Trostboxen für todunglückliche Eltern

Dass das Leben unberechenbar ist, zeigt sich manchmal im Krankenhaus auf der Station für Neugeborene und Babys. Ich habe gerade die Geschichte von Balduin gelesen, der 2008 im Alter von gerade mal vier Monaten gestorben ist.

Foto: balduins-box.de

Den Schmerz und die Ohnmacht, die Eltern in so einer Lage wohl empfinden, mag ich mir gar nicht versuchen auszumalen. Doch schlimmer noch: Ärzte und Pflegepersonal sind bei solchen Tragödien meist überfordert und wissen nicht, wie sie sich verhalten sollen. Daniela Becker, die Mutter von Balduin schreibt:

Während ich Balduin auf dem Arm hatte und er langsam entglitt, stellte sich eine Schwester mir gegenüber und blickte ständig auf den Monitor über mir und wartete darauf, dass der Herzschlag aufhörte. Ich empfand diese „Totenwache“ als sehr störend. Kurz vor Balduins Tod kam der Oberarzt mit einer riesigen, ca. 20 cm langen Spritze, die er meinem 50 cm langen Sohn verabreichte, obwohl ich schreiend daneben saß und darum bat, dies zu unterlassen. Unmittelbar nachdem Balduin gestorben war, wollte man ihn mir abnehmen und ihn von allen Kabeln befreien, dabei wollte ich meinen Sohn einfach noch etwas halten und dann ins Bettchen legen.

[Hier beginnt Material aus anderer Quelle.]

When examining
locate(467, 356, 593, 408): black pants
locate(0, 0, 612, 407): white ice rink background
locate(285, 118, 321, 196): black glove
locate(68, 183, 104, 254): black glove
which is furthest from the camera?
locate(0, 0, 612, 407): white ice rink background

Aus dem Wunsch heraus, sie hätte die letzten Stunden im Leben ihres kleinen Sohnes anders mit ihm verbracht, wäre sie anders auf den Abschied vorbereitet gewesen oder besser in ihrer Lage unterstützt worden… entstand zusammen mit der „Kinderfee Hamburgs“ (Tina Tappehorn) die Idee einer Trostschachtel für Eltern mit sterbenskranken Babys.

So setzt sich der Verein „Balduins Box“ dafür ein, dass in Intensivstationen Boxen angebracht werden mit einer Anleitung zur Unterstützung des Abschiedsprozesses für die Pfleger und Schwestern, sowie Schachteln für die Eltern. In jeder Schachtel befindem sich:

ein Heft mit (Lied)Texten, ein Rosenquarz zum Halten, ein Seidentuch zum Abdimmen des Lichtes, ein elektrisches Teelicht, Muscheln und Sterne…

Ich finde diese Idee so liebevoll und schmerzlich schön, dass ich das Projekt unbedingt unterstützen will. Das sind Momente, wo man eigentlich leider gar nichts tun kann, weil den Eltern jede Hoffnung genommen wird. Aber das so eine kleine Box helfen kann, auf dem Weg mit der Trauer umzugehen, davon bin ich überzeugt. Deswegen geht meine monatliche 5-Prozent-vom-Gehalt-Spende dieses Mal an Balduins Box e.V..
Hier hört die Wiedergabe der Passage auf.